Judging by the macabre video which appeared on YouTube yesterday evening, James Foley's murderer appeared to have a British accent. We demand that our politicians do not put British "boots on the ground" in the Middle East yet it is our society which appears to be incubating at least some of the fighters currently chopping off heads in Iraq and Syria. When you live in a country that is failing to prevent at least some members of its own society from travelling to destroy somebody else’s, all talk of "keeping out" is little more than sanctimonious rubbish.
Either way, if you believe that, for whatever reason, Britain is at fault for the rise of Isis you should invariably want Britain to make amends by helping the Kurds and Iraqis to defeat it. Similarly, if you claim to be an anti-fascist you should waste no time in calling for a recognisably anti-fascist policy from the government – the bombing of Isis positions, for example. Indeed, for any genuine internationalist the next course of action is a straightforward one: to help the Iraqis and Kurds to kill those that will otherwise kill them.

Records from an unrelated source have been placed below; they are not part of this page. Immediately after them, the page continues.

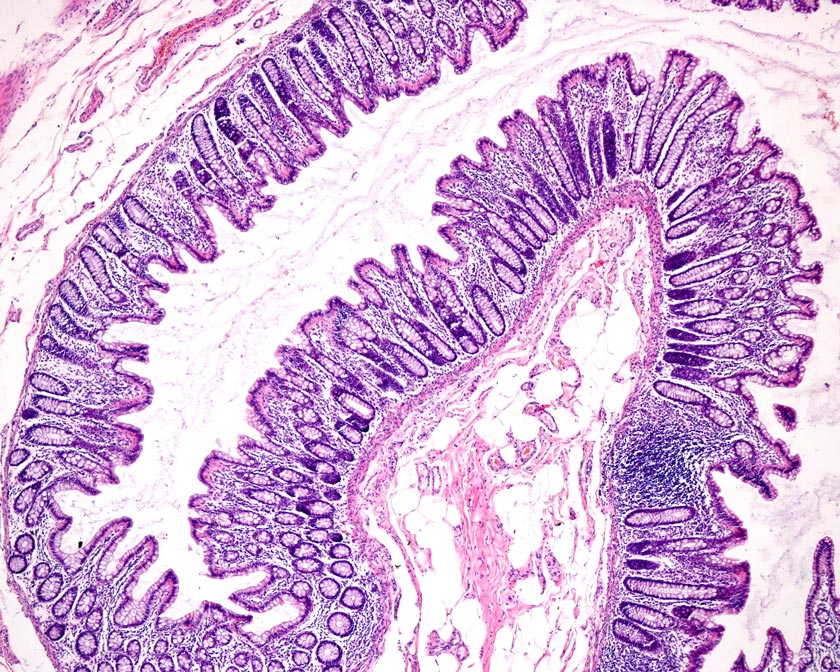 Curvature of cells in intestines. The curved tissue of the intestine walls maximizes the surface for the absorption of nutrients. © IST Austria
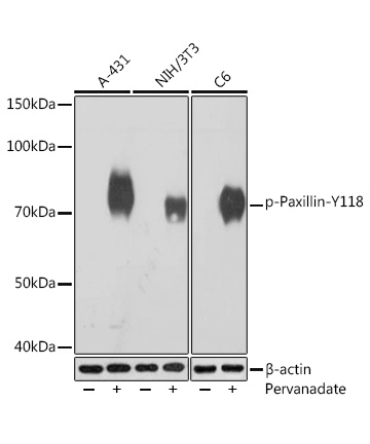 Phospho-Paxillin-Y118 Rabbit Monoclonal Antibody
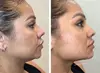 1 or 2 Vials of Kybella for Chin Fat Reduction at TrueBeauty Up To  65% Off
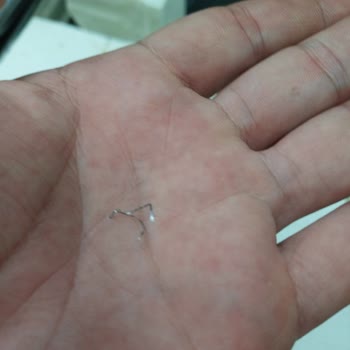 Peynirde Yabancı Madde: Tüketici Sağlığı Tehlikede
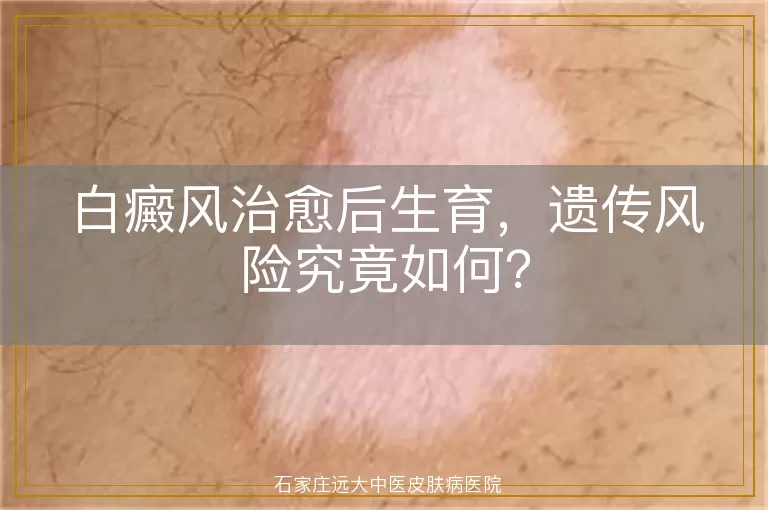 白癜风治愈后生育，遗传风险究竟如何？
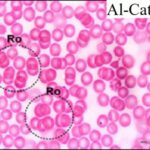 Blood Smear (exposed for 15 min/day)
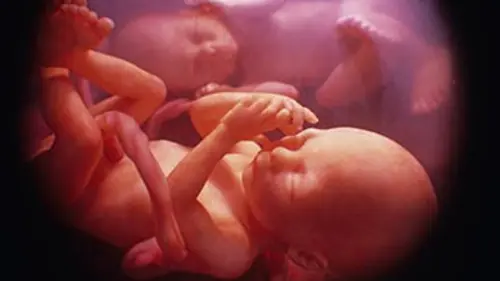 Miracles in utero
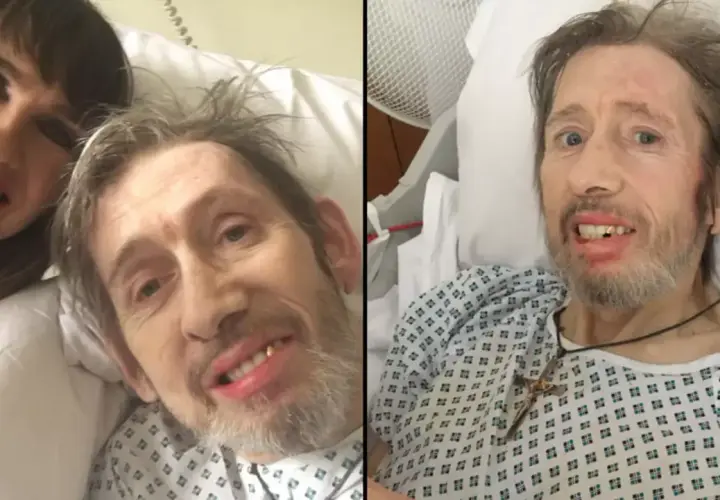 Czy Shane MacGowan opuścił już szpital? Dowiedz się najnowszych informacji!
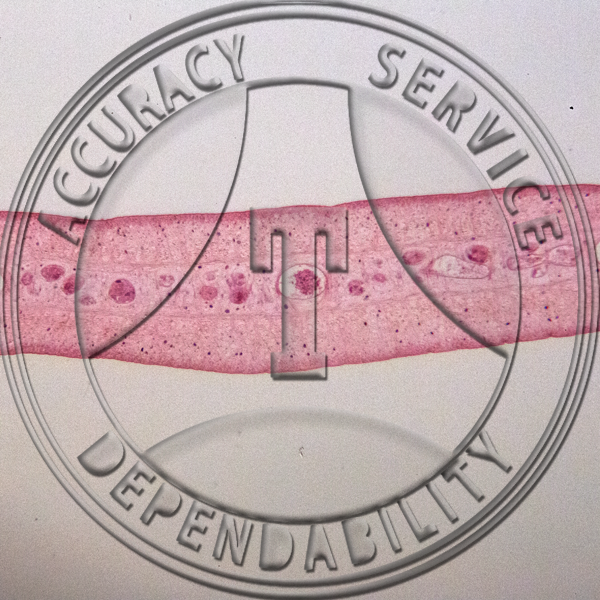 Taenia Tapeworm 3 Proglottid Section Prepared Microscope Slide Section 2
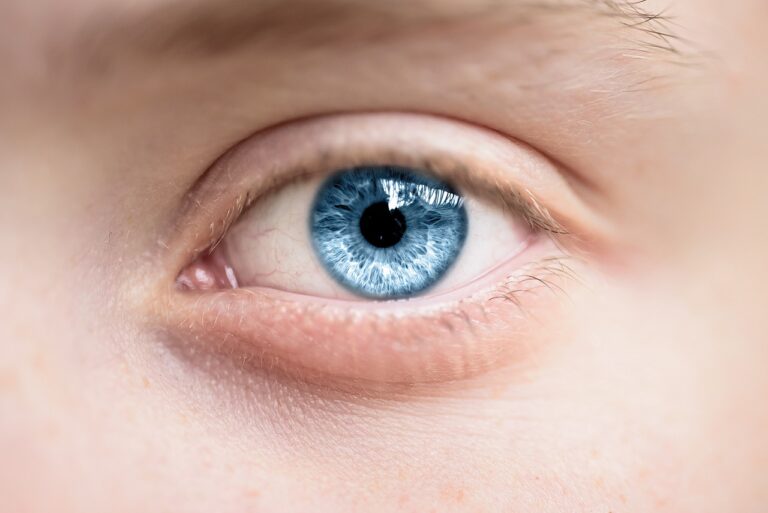 Fillers Under Eyes Gone Wrong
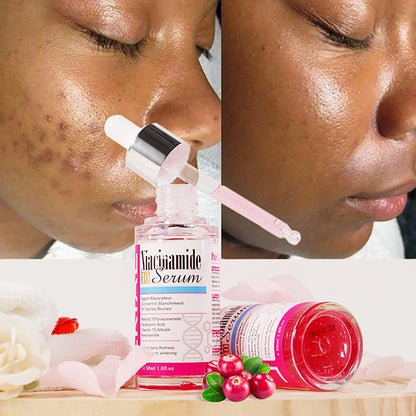 Nicotinamide Whitening Essence Serum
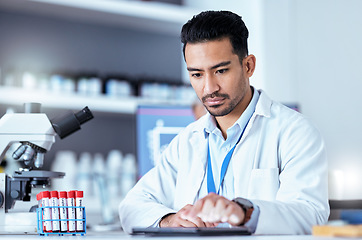 Image showing Scientist man, tablet and typing in laboratory with thinking, medical research and blood for pharma development. Young pharmaceutical expert, digital touchscreen or focus for innovation in healthcare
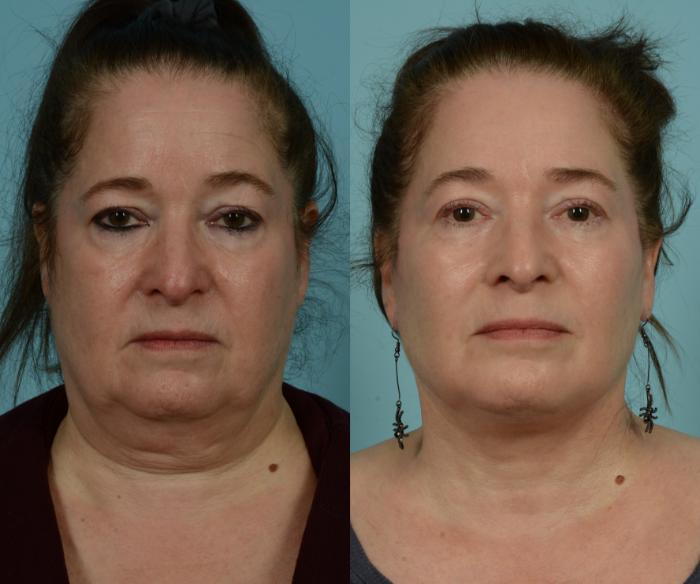 Before & After Neck Lift by Dr. Mustoe Case 1015 Front View in Chicago, IL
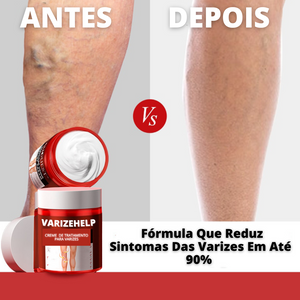 Creme Para Varizes Efeito Imediato VarizeHelp - viya-stores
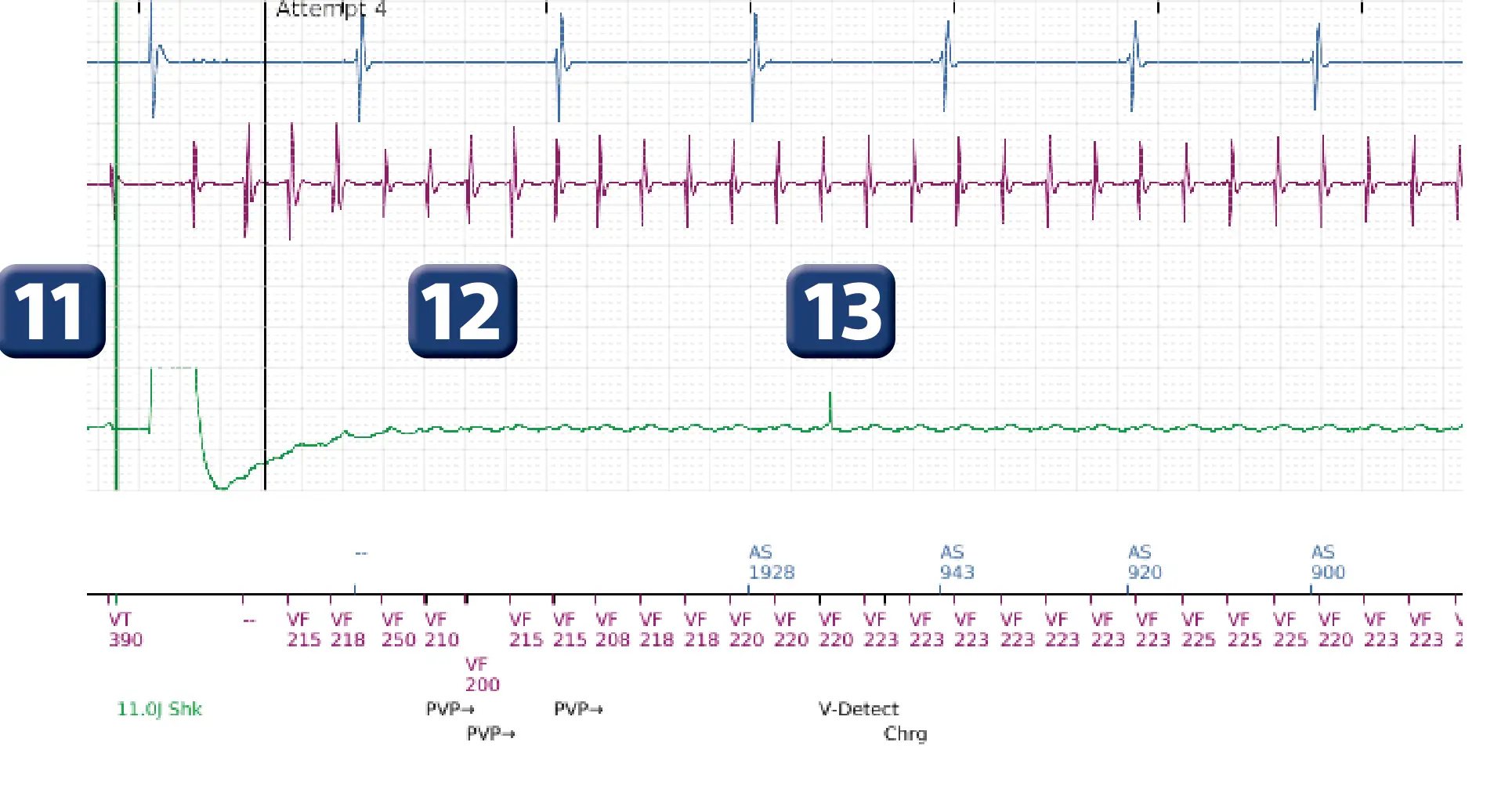 Boston Scientific ICD electrogram, segment 14 of 16 — Low-amplitude shock and acceleration of arrhythmia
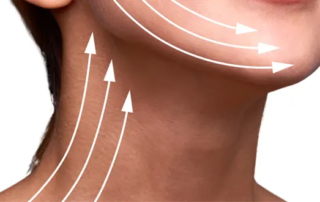 3 Questions au sujet du relâchement du cou et du dessous du menton
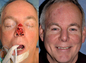 Nasal Dorsum & Tip Reconstruction with Paramedian Forehead Flap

For those that are inclined to bury their head in the sand a warning is probably more appropriate; in which case I will quote something a Kurdish friend told me on a recent anti-Isis demonstration in London. "Today they are attacking the Middle East; tomorrow it’ll be the West". In other words, just as you cannot ignore climate change because you do not live on a melting ice cap, Syria and Iraq are not someone else's problem because you have a mortgage and a credit card and live in a prosperous liberal democracy.